# [Task description]
Restate verbatim the span of lines below between the line with "レストラン・モリエール - Menu Terroir：岩魚のムニエル" and the line with "Paul Green Ballerina's", including those two lines, and only that span.

[[ Data supplied, beginning ]]

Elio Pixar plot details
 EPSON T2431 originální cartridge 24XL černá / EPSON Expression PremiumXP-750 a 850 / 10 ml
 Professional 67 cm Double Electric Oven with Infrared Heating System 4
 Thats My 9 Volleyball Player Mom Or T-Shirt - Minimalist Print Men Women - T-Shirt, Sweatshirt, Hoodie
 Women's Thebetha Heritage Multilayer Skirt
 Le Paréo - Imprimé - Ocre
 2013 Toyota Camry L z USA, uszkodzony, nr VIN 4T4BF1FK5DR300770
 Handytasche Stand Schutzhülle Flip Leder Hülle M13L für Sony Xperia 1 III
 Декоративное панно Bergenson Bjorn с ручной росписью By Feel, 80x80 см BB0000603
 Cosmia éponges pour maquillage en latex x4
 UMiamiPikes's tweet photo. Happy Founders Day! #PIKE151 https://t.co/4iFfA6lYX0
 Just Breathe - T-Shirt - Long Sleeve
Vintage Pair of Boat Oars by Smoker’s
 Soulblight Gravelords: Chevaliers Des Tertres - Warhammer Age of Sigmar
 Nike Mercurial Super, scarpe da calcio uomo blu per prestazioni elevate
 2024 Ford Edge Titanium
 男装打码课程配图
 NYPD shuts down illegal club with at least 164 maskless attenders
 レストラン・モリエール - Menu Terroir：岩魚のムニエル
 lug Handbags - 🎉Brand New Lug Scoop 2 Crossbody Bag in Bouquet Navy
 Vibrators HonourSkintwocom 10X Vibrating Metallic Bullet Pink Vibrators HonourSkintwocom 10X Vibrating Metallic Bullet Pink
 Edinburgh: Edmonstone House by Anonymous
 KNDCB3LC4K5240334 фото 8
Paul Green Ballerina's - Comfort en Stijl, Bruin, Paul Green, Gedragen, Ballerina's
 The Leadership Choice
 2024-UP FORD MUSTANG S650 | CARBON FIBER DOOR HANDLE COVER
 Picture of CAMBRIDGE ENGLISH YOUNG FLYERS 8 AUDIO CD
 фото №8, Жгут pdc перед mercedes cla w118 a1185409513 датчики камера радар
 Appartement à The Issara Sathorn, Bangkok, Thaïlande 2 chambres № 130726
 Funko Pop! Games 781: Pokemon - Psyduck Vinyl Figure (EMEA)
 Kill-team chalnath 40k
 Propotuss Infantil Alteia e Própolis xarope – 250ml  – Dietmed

[[ Data supplied, end ]]

# [Response to the task]
 レストラン・モリエール - Menu Terroir：岩魚のムニエル
 lug Handbags - 🎉Brand New Lug Scoop 2 Crossbody Bag in Bouquet Navy
 Vibrators HonourSkintwocom 10X Vibrating Metallic Bullet Pink Vibrators HonourSkintwocom 10X Vibrating Metallic Bullet Pink
 Edinburgh: Edmonstone House by Anonymous
 KNDCB3LC4K5240334 фото 8
Paul Green Ballerina's - Comfort en Stijl, Bruin, Paul Green, Gedragen, Ballerina's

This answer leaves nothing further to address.